For our final Aussie holiday we headed down to Tasmania and spent some time exploring the Tasman peninsula and the capital city of Hobart.  Tassie has a reputation for being the most natural state in Australia.  It's rugged coastline and convict past didn't disappoint.  Tasmania was gorgeous (But really, isn't all of Australia?  Like this, this and this).

Tourists are discouraged from driving after dark in Tasmania.  It didn't take long to see why. At least 4 dead wombats lined the Arthur highway on the drive from Hobart to Port Arthur.  So much marsupial carnage was difficult to see.  Luckily the kiddos were too busy poking each other in the backseat to notice the roadkill wonderland.

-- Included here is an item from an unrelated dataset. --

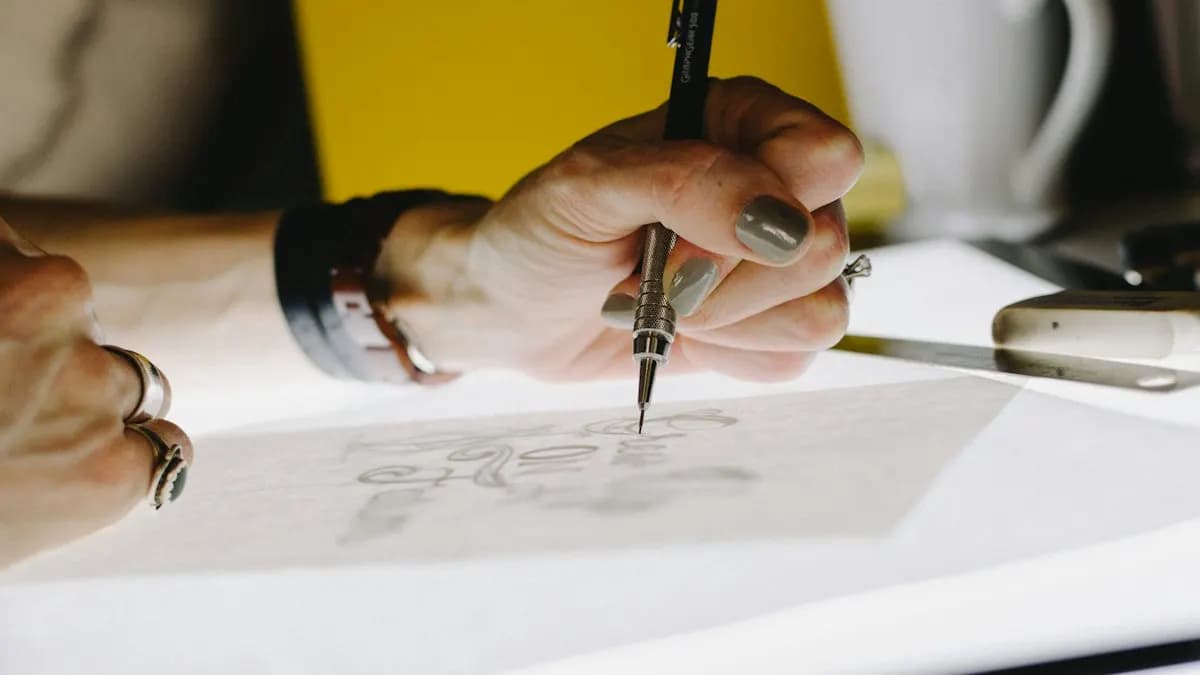 Beginner designer sketching letter shapes on tracing paper with a mechanical pencil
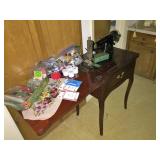 Vintage Singer sewing machine in original sewing cabinet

Our first stop was Port Arthur, the site of the convict settlement in the 1800s.  The landscape was beautiful, and the ruins were interesting.  When you see the historic site you just can't help but think about how miserable it must have been to be a convict at Port Arthur.  It was freezing, the wind was whipping and the rain pelted us.  I just kept thinking about how lucky the Sydney convicts were by comparison.

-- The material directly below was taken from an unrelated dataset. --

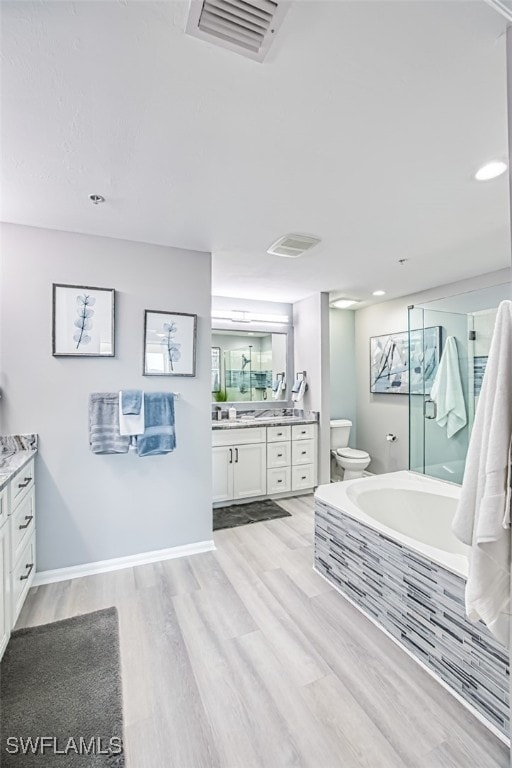 bathroom featuring hardwood / wood-style floors, vanity, toilet, and a bathtub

We spent the night in Port Arthur at the Stewarts bay Lodge.  I highly recommend the deluxe cabins there.  The setting and the views were so beautiful.  The cabins were modern and clean and spacious.  And dinner at their Taylors restaurant was the best meal we had in Tassie (Ok- it was the only decent meal we had in Tassie).   I wish we could have stayed more than one night!

After Port Arthur we did some exploring on the Tasman Peninsula.  The coastline is breathtaking.  We visited Devil's Kitchen, The Blowhole, Tesselated Pavement and the Tasman Arch.



We drove through Doo Town (which was so amusing it deserves its own post) and spent the night in a guest bungalow in Marion Bay.  The bungalow had a wall of glass looking out on the gorgeous Tasmanian coast.  It was so picturesque.  Freezing cold and pouring rain, but still picturesque!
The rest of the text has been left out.